Perché se è vero che oggi la città presenta limiti oggettivi, è altrettanto vero che la vocazione di un territorio non è una fatalità meteorologica, ma il frutto diretto delle scelte politiche. Dire che Brindisi non è una città turistica significa, di fatto, assolvere chi governa dal compito principale per cui è stato eletto: programmare, indirizzare e costruire il futuro.
Il turismo non si improvvisa (e non si subisce).
Il punto centrale che vorrei ribadire è che il turismo non arriva per grazia ricevuta, né si esaurisce nella casualità di una stagione estiva. Pretendere di attrarre visitatori senza una visione strategica, senza una programmazione culturale che duri dodici mesi l’anno e senza un’offerta ricettiva all’altezza è un controsenso.
Se Brindisi oggi soffre la mancanza di contenitori culturali o di spazi adeguati a causa dei cantieri sul waterfront, la risposta non può essere il deserto dell’offerta. Se il centro è bloccato dai lavori, un’amministrazione con una vera visione avrebbe il dovere e la capacità di programmare attività, eventi e attrattive nei quartieri periferici, troppo spesso lasciati ai margini e condannati a un totale stato di abbandono. Spostare i flussi, valorizzare le piazze dei rioni, decentrare la cultura significa fare buona politica e cucire il tessuto urbano, anziché concentrare tutto in vetrina dimenticandosi del resto della città!
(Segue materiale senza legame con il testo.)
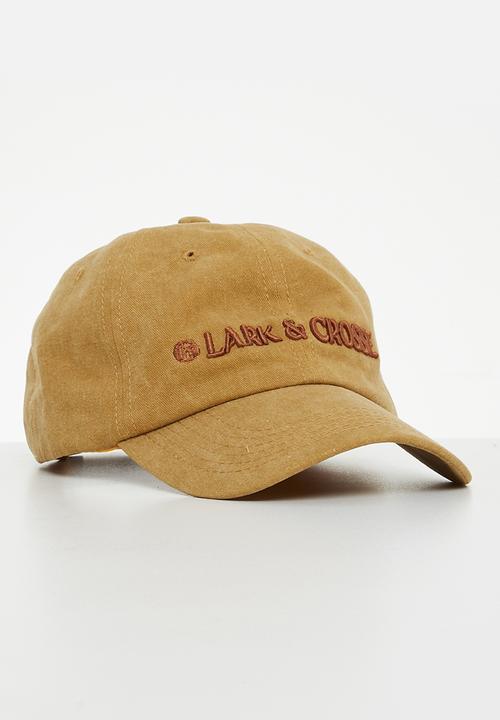 Lark & Crosse - William peak cap - mustard
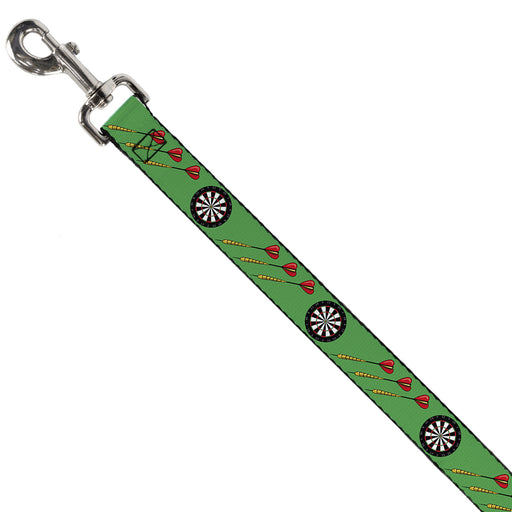 Dog Leash - Darts Green/Multi Color Dog Leashes Buckle-Down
I nostri tesori meritano rispetto, non alibi.

Continuare a ripetere che non siamo una meta turistica significa voltarsi dall’altra parte rispetto a ciò che Brindisi è già per vocazione geografica e storica:

  • Un porto naturale che tutto il Mediterraneo ci invidia;
  • Il terminale naturale della Via Appia e la porta d’accesso al Salento;
  • Un hub logistico con aeroporto e stazione che ci mettono al centro del mondo, ridotti però troppo spesso a meri luoghi di transito per chi fugge altrove.

Questi non sono semplici dettagli da cartolina: sono asset economici straordinari che, se governati con coraggio, potrebbero garantire occupazione stabile, crescita commerciale e un nuovo orgoglio cittadino.

È ora di cambiare passo!

Le parole del sindaco, anziché chiudere il dibattito con un rassegnato “non lo siamo”, dovrebbero suonare come un campanello d’allarme per chi amministra. Brindisi può e deve diventare una città turistica, ma per farlo serve un cambio di passo netto: smetterla di cercare alibi, smetterla di dimenticarsi delle periferie e iniziare a trattare il turismo come un settore industriale strategico, fatto di investimenti mirati, servizi efficienti e una regia pubblica forte.

La verità è che Brindisi non è condannata a essere una bella addormentata sul mare.

Il problema non è la città, che avrebbe tutte le carte in regola per primeggiare.

Il vero nodo è la mancanza di una politica che decida, finalmente, di crederci per prima.

Grazie, intanto a tutti gli operatori turistici del territorio che quotidianamente smentiscono le parole fuori luogo del primo cittadino.